Quizá para los creyentes más piadosos las publicaciones de este día a plana completa que pagaron los empresarios y el partido político fundado por el autor intelectual del homicidio de Óscar Arnulfo Romero sea un milagro de conversión del beato. En las publicaciones a plana completa se felicitaba al pueblo salvadoreño por tener un beato. Para los creyentes menos dóciles fue un pecado. Los escépticos quisimos leer lo no escrito, un regodeo en la impunidad: cinismo, burla, hipocresía, oportunismo, pragmatismo, marketing.

El gobierno de la izquierda de entonces hizo lo suyo: ruido, mucho ruido, pero no habló de justicia terrenal y santificó la impunidad, como que la justicia celestial le evitaría el desgaste. El gobierno de izquierda lució incoherente. Lució cínico, burlón, hipócrita, oportunista, pragmático, mercader. Lució sus calles y bulevares, su aeropuerto, su salón presidencial, sus murales, sus óleos y sus acrílicos, pero no lució justo.

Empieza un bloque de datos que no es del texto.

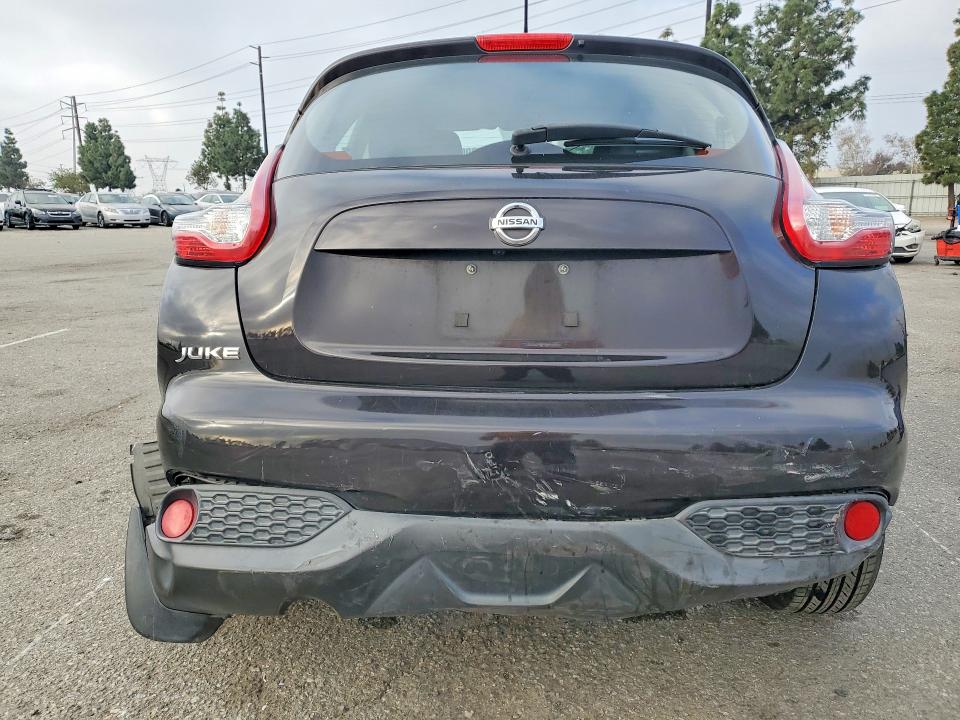 2015 Nissan Juke VIN JN8AF5MR8FT508009 COPART salvage auction — FRONT END, Ca - Salvage Certificate, sold $900 on 2026-07-09 (photo 6)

La iglesia salvadoreña oficial fue amorosa, cándida como la abuelita olvidadiza que todo perdona. Pasteurizó la historia con una dulce receta del Opus Dei, citó a Juan Pablo II, y se olvidó de Pablo VI y de Francisco, y se olvidó también de que el martirio implica asesinato y que el asesinato implica odio. Y olvidó al pueblo de Óscar Arnulfo Romero, a la iglesia pobre que lo santificó contra el sistema eclesial, olvidó a los trovadores que nunca dejaron de cantar su denuncia, olvidó a las víctimas –vivas y muertas– del sistema que Óscar Arnulfo Romero denunció. La iglesia salvadoreña oficial se olvidó de Romero mártir y se aferró a su inmaculado beato.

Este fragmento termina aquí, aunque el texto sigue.